I firmly believe that habits are the key to any real success. People underestimate their ability to form their own habits and create a life that supports their success formula and the goals they set for themselves. Parents underestimate how much their own habits influence the success of their kids. I feel so strongly, I’ve written about it several times. Here and here are two of the best pieces I’ve written. Here is a list of six habits that you can create for yourself that will rub off on your children. If you include your kids, they will develop the same habits along with you.

1. Be interested – I come from less busy times. We actually ate dinner together several nights a week in my house as I was growing up. There is no doubt that dinner time is a great time to have conversations about your day. Sometimes it is really hard to get your kids to engage, particularly if they are high school age. It’s worth the investment. Genuine interest in the academic activities your kids are involved with will pay off in a variety of ways. If you want to build a relationship that shows your kids that you are interested in what they are doing, this is a time that requires you to be non-judgmental. I don’t know what clued my parents into my creative side, but my parents paid for me to take summer classes at the Studio Arena Theatre School, to take private art lessons with a local painter, and to take guitar lessons. In the mid-1970’s, the chances of making a living at any of those things were very low. They never worried about that, and that nurturing allowed for me to grow those interests (and all three of them are still a part of my life today.) Those activities, while they may not provide a path to a steady and lucrative career, they do help kids grow as creativity has nice benefits and it is still a place for kids to learn passion, discipline, and to take pride in their work.

So, even if the busy family life gets in the way of a family dinner, there are plenty of times daily to take interest in what your kids are doing, what they are studying, what their best friends are up to. There is the car rides between soccer practice and music lessons. There is always a few minutes before bed time, or over a bowl of Cheerios in the morning. If those times are difficult, make a date to go out to dinner, to take a walk, to have an ice cream cone, whatever.
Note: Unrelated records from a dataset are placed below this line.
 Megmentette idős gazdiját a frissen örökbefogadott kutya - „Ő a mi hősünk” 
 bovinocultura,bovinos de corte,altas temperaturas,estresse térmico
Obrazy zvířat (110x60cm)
Being non-judgmentally interested in your kids’ lives creates a connection point that will help drive success, as our kids love to impress us with new information learned or by sharing their accomplishments.
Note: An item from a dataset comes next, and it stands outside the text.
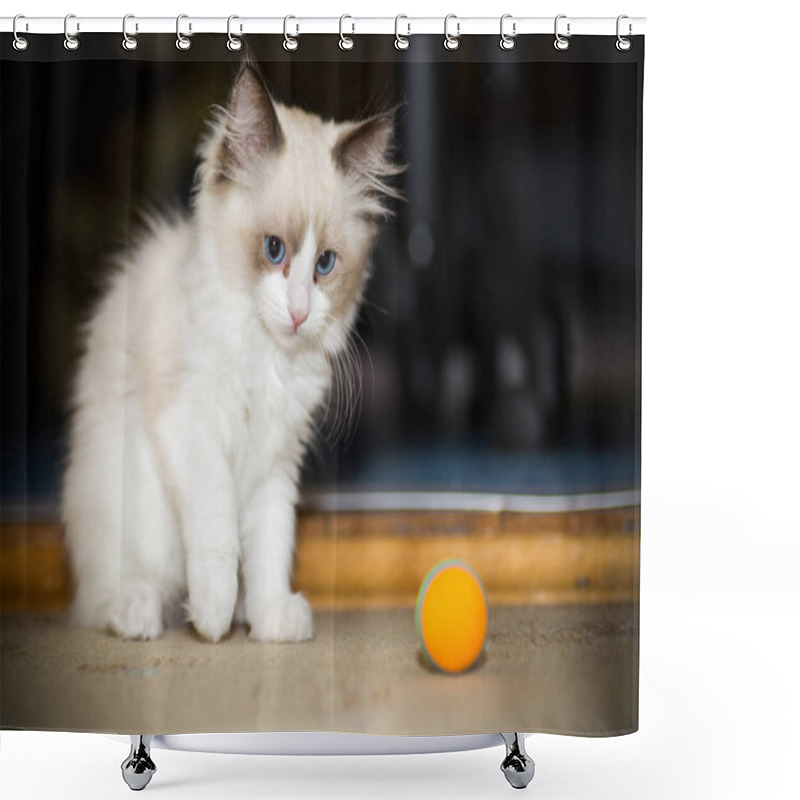 Personality  Small Two Month Old Ragdoll Kitten At Home Shower Curtains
2. Be positive – Study after study after study proves the value of positive thinking. It was Henry Ford who said “If you think you can do a thing or you think you can’t do a thing, you’re right”. This is one of the greatest habits you can give your kids is the power of positive thinking. Positive thinkers can see themselves being successful and can use that power to drive themselves to success. Train your kids to default to the positive first. Exercise gratitude for the things that you have and look on the bright side when things go wrong. My grandmother and my mother both used to say “if you don’t have something positive to say, don’t say anything at all.” Great advice.

My favorite TED Talk is by Shawn Achor and he gives some great tips at the end about how to achieve a positive lifestyle.

3. Work together – One of the best things that you can do to help your child be successful is to lead by example. Throughout the child rearing years, you can be certain that your kids want to listen to you exactly never. I know how frustrating it is. I not only have my own son, but, as a teacher, I have lots of other people’s kids who don’t want to listen to me. Here is a simple tip. If you want your kids to sit down and work, sit down and work with them, starting when they are younger. So many jobs require us to take work home. Sit down at the same time as your kids and do your work. If you don’t have a job where you take work home, sit down and pay the bills or balance the checkbook (do people still have checkbooks?) Read the newspaper, read a book, write thank you notes. If you are sitting there doing the same things that they are learning in school; reading, writing, math, they will see the value from the person they learn the most from. This is a great habit to start when your kids are young. Keep it up, however, when they get older. Leading by example is the best way to drive lessons home.

4. Set rules – There are so many distractions in the course of our days. Some are self-induced and some just pop up. While you can never eliminate them all, you can certainly create a set of rules that limits the ones that you can control. Probably the biggest distraction of modern times is technology. Set rules around technology use when it is study time. Phones should be silenced and in another room. Internet access should be limited to what is needed for what the academic tasks are. There shouldn’t be TV or music going on. Music is probably OK, so long as it doesn’t have lyrics. Instrumental stuff has less of a tendency to split the processing power of our brain. Your rules can include breaks for technology, but really only if it is a long study session. When you are interrupted by social media or texting, it takes approximately 23 minutes for your brain to get back in the groove. Isn’t it better to just finish the project and then check your social media? Make the rule that study time is a no tech time.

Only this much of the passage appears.